Table of Contents
Introduction
In my previous blog articles, I have been talking about how to set up:
- GITLAB AS A TERRAFORM STATE FILE BACKEND
- GITLAB CI/CD PIPELINE TO BUILD YOUR OWN DOCKER CONTAINER AND UPLOAD TO YOUR OWN REGISTRY
Make sure to check that out before reading this blog post 😉
In this blog post, I will continue the story and describe how I create a pipeline to configure an ACI environment using Terraform by leveraging GitLab as a Docker registry and Terraform state file backend.
Requirements
I assume the following prerequisite as given:
- GitLab server with SSL certificates
- A Docker and a Shell runner are deployed
- Docker containers can be uploaded to the embedded Docker registry
- Terraform state file can be stored in GitLab
- Environment and variables are configured in GitLab
- APIC simulator
I am using the following Dockerfile where Terraform will be installed:
FROM ubuntu:22.04
RUN apt-get update && \
apt-get install -y gnupg software-properties-common curl gcc python3.11 python3-pip git && \
curl -fsSL https://apt.releases.hashicorp.com/gpg | apt-key add - && \
apt-add-repository "deb [arch=amd64] https://apt.releases.hashicorp.com $(lsb_release -cs) main" && \
apt-get update && \
apt-get install terraform
The Dockerfile is stored in the following structure within the repository:
docker (Folder)
├── aci (Folder)
└── Dockerfile (File)
Set up the Terrafrom environment
Create the following folder structure under your project repository:
terraform (Folder)
└── data (Folder)
└── tenant_DEV.yaml (File)
└── defaults (Folder)
└── defaults.yaml (File)
└── modules (Folder)
└── modules.yaml (File)
└── init_file.sh (File)
└── main.tf (File)
Copy the following content in your tenant_DEV.yaml: This file represents the configuration of the tenant dev that will be pushed to the APIC
---
apic:
tenants:
- name: DEV
vrfs:
- name: DEV.DEV-VRF
bridge_domains:
- name: 10.1.200.0_24
vrf: DEV.DEV-VRF
subnets:
- ip: 10.1.200.1/24
- name: 10.1.201.0_24
vrf: DEV.DEV-VRF
subnets:
- ip: 10.1.201.1/24
- name: 10.1.202.0_24
vrf: DEV.DEV-VRF
subnets:
- ip: 10.1.202.1/24
application_profiles:
- name: VLANS
endpoint_groups:
- name: VLAN200
bridge_domain: 10.1.200.0_24
- name: VLAN201
bridge_domain: 10.1.201.0_24
- name: VLAN202
bridge_domain: 10.1.202.0_24
Copy the following content in your init_file.sh: The init_file is a shell script that sets the environment to use the “http” backend provided by GitLab to store the file.

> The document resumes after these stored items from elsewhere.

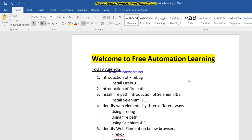Hello guys, welcome to the free automation learning channel. My name is Tark Singh and today we are going to discuss what is Firebug, Firepath, and Selenium ID, and how we can identify web elements. Today's agenda is an introduction of Firebug, Firepath, Selenium ID, and identifying web elements by three different ways.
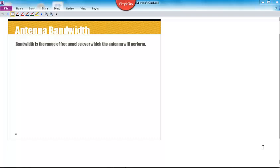The next property of an antenna that I just want to address briefly is antenna bandwidth, which is the range of frequencies within which the antenna will perform.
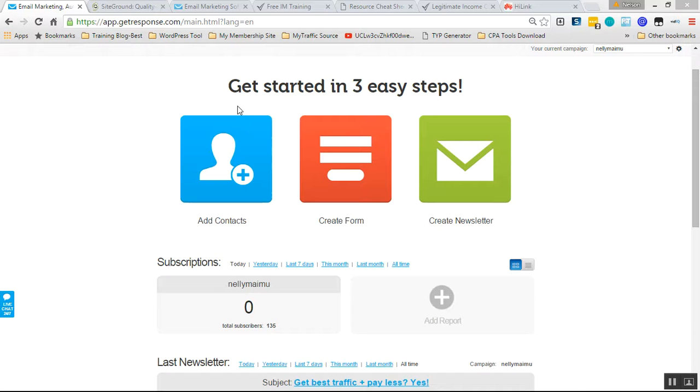Of course, sometimes the system work, but sometimes they don't work. And actually, there's no internet marketing without an autoresponder.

It actually defines the variables that you set before in the environment and uses the Username and API Token.
#! /bin/bash
TF_USERNAME=${TF_USERNAME} \
TF_PASSWORD=${TF_PASSWORD} \
TF_ADDRESS="${CI_SERVER_URL}/api/v4/projects/${CI_PROJECT_ID}/terraform/state/terraform_statefile" \
terraform init \
-backend-config=address=${TF_ADDRESS} \
-backend-config=lock_address=${TF_ADDRESS}/lock \
-backend-config=unlock_address=${TF_ADDRESS}/lock \
-backend-config=username=${TF_USERNAME} \
-backend-config=password=${TF_PASSWORD} \
-backend-config=lock_method=POST \
-backend-config=unlock_method=DELETE \
-backend-config=retry_wait_min=5
Copy the following content in your main.tf: Configures the modules that we are using to configure the infrastructure.
terraform {
required_providers {
aci = {
source = "CiscoDevNet/aci"
version = ">= 2.6.0"
}
utils = {
source = "netascode/utils"
version = ">= 0.2.4"
}
}
}
terraform {
backend "http" {
}
}
provider "aci" {
}
locals {
model = yamldecode(data.utils_yaml_merge.model.output)
}
data "utils_yaml_merge" "model" {
input = concat([for file in fileset(path.module, "data/*.yaml") : file(file)], [file("${path.module}/defaults/defaults.yaml"), file("${path.module}/modules/modules.yaml")])
}
module "tenant" {
source = "netascode/nac-tenant/aci"
version = ">= 0.4.1"
for_each = toset([for tenant in lookup(local.model.apic, "tenants", {}) : tenant.name])
model = local.model
tenant_name = each.value
}
Set up the pipeline
The following pipeline will include the following stages:
- Build (Build the Docker container and upload it to the Docker registry)
- Validate (execute terraform validate)
- Plan (execute terraform plan)
- Apply (execute terraform apply: manual)
- Destroy (execute terraform destroy: manual)
In this pipeline, caches are also used to download the Terraform modules only once and reuse them in the following stages. This will significantly reduce the time of execution per job.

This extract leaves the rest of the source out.